Gallen-Kallela reprendra le thème du Kalevala dans une série de gravures en 1895 à laquelle se rattache « la défense du Sampo », 1895, dont le traitement n’est pas sans évoquer les estampes japonaises et qui représente le combat entre le héros Väinämoinen et Louhi, métamorphosée en aigle, pour le Sampo, objet magique censé assurer la prospérité à son possesseur ; ainsi que dans une série de fresques présentées lors de l’exposition universelle de 1900.


En 1894-1895, l’artiste s’installe près du lac de Ruovesi (« Ombres bleues sur la glace, lac de Ruovesi en hiver », 1916), y concevant une maison-atelier en rondins de bois de pin, Kalela, récurrente dans ses toiles (« Kalela nuit d’hiver » 1896, « Kalela au clair de lune », 1904, « Kalela en automne », 1915), ce qui ne l’empêche pas de séjourner à Berlin –où il expose avec Munch et se forme à la gravure auprès de Joseph Sattler-, en Italie ou à Londres. Kalela et son paysage apparaissent pour l’artiste un microcosme de la Finlande. En 1896, Gallen-Kallela s’essaie à la gravure sur bois colorée à l’aide de pigments naturels dans l’admirable série « La mort et la fleur ». Il y évoque, à travers les symboles du crâne, de la fleur coupée et de la main d’un squelette la mort prématurée de sa fille l’année précédente.
Quelques toiles témoignent d’une inspiration fortement symbolique au tournant du siècle : l’artiste cherche alors un langage universel pour le Kalevala en s’éloignant nettement du naturalisme de ses débuts au profit d’un certain synthétisme, d’un traitement plus plastique et contrasté, particulièrement détonnant dans une toile comme « Ad Astra », 1907, dont les références bibliques (les stigmates, le thème de la résurrection) témoignent d’un désir de rattacher la mythologie nationale à la mythologie mondiale.


La singulière « rivière des morts », 1893, représentation de la migration des âmes, incarne magistralement cette tendance ésotérique. L’artiste y dépeint les corps des morts emportés par le courant, dominés par un buste masculin monumental auquel il a donné les traits de son mentor, le chef d’orchestre Robert Kajanus, dont le souffle semble se mêler au flux des morts. Il en est de même de « l’île des bienheureux », 1897, écho tout à la fois des paysages finlandais et de l’île des morts d’un Böcklin, le motif de l’île incarnant pour l’artiste un refuge à l’abri de la civilisation, chargé d’utopie et de mysticisme.
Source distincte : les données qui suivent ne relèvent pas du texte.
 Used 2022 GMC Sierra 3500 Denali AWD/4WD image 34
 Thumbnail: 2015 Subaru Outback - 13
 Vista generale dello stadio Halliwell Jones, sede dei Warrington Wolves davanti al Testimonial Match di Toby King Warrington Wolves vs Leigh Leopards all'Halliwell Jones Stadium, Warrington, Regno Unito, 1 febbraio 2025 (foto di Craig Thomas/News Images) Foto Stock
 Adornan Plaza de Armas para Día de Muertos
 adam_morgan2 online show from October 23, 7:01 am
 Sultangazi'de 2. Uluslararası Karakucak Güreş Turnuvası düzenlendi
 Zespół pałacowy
Il n’en demeure pas moins que la partie la plus fascinante de l’exposition est indéniablement celle consacrée aux paysages de Gallen-Kallela, des paysages enneigés, de vastes lacs pris par les glaces, symboles de l’identité finlandaise. De ces toiles (« Rochers enneigés », 1901, « paysage d’hiver »), peintes sur le motif ou par le recours à la photographie, il émane tout à la fois une lumière magistralement saisie par l’artiste et le silence d’une nature immaculée reposant sous un épais manteau de neige admirablement dépeint. Ainsi, « la tanière du lynx », 1906, dépeint une nature sauvage faite de rochers et de troncs émergeant d’une épaisse couche de neige, quasi sculpturale, à peine perturbée par les empreintes d’un animal. Le traitement synthétique des ombres, des formes, le choix du cadrage, les ruptures entre les plans, atténuent le réalisme du paysage naturel au profit d’un certain lyrisme héritier du sublime romantique.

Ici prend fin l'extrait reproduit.